The term “coupled” may be used herein to refer to any type of relationship, direct or indirect, between the components in question, and may apply to electrical, mechanical, fluid, optical, electromagnetic, electromechanical or other connections. In addition, the terms “first”, “second”, etc. may be used herein only to facilitate discussion, and carry no particular temporal or chronological significance unless otherwise indicated.
As used in this application and in the claims, a list of items joined by the term “one or more of” may mean any combination of the listed terms. For example, the phrases “one or more of A, B or C” may mean A; B; C; A and B; A and C; B and C; or A, B and C.
Those skilled in the art will appreciate from the foregoing description that the broad techniques of the embodiments can be implemented in a variety of forms.
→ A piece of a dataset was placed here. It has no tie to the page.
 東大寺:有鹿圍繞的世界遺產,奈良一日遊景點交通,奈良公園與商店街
Therefore, while the embodiments have been described in connection with particular examples thereof, the true scope of the embodiments should not be so limited since other modifications will become apparent to the skilled practitioner upon a study of the drawings, specification, and following claims.

Claims

We claim:

1. A speech recognition system, comprising:

a speech converter to convert speech from a user into an electronic signal;

a feature extractor communicatively coupled to the speech converter to extract speech features from the electronic signal;

a score converter communicatively coupled to the feature extractor to convert the speech features into scores of phonetic units;

a speech decoder communicatively coupled to the score converter to decode a phrase spoken by the user based on the scores;

an endpoint detector communicatively coupled to the speech decoder to determine if the decoded phrase corresponds to a complete request; and

a language interpreter communicatively coupled to the speech decoder to interpret the complete request from the user, wherein:

the speech decoder is further to determine an intermediate recognition result for the decoded phrase and provide the intermediate recognition result to the language interpreter, and

the language interpreter is further to asynchronously interpret the intermediate recognition result from the speech decoder.

2. The system of claim 1, wherein the language interpreter is further to determine decode information based on the interpretation of the intermediate recognition result, and wherein the speech decoder is further to decode the electronic speech signal based on the decode information from the language interpreter.
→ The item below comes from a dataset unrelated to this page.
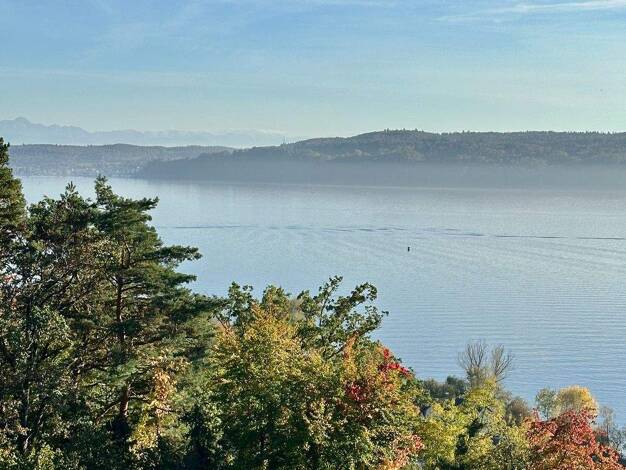 Wohnung zur Miete 1.600 € 3 Zimmer 126 m² 1. Geschoss frei ab 01.01.2026 Sipplingen 78354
3. The system of claim 1, wherein the language interpreter is further to:

store an interpretation result based on the intermediate recognition result;

receive an indication from the speech decoder that the request is complete;

compare the complete request to the intermediate recognition result; and

retrieve the stored interpretation result if the complete request matches the intermediate recognition result.

4. A language interpreter apparatus, comprising:

a language analyzer to analyze an intermediate recognition result of an electronic speech signal; and

a memory to store a language interpretation result of the analysis of the intermediate recognition result, wherein the language analyzer is further to:

receive a final recognition result of the electronic speech signal,

compare the final recognition result to the intermediate recognition result, and

retrieve the language interpretation result of the analysis corresponding to the intermediate recognition result if the final recognition result matches the intermediate recognition result.

5. The apparatus of claim 4, wherein the language analyzer is further to provide decode information based on the results of the analysis of the intermediate recognition result.

6. The apparatus of claim 4, wherein the language analyzer is further to provide speech endpoint information based on the results of the analysis of the intermediate recognition result.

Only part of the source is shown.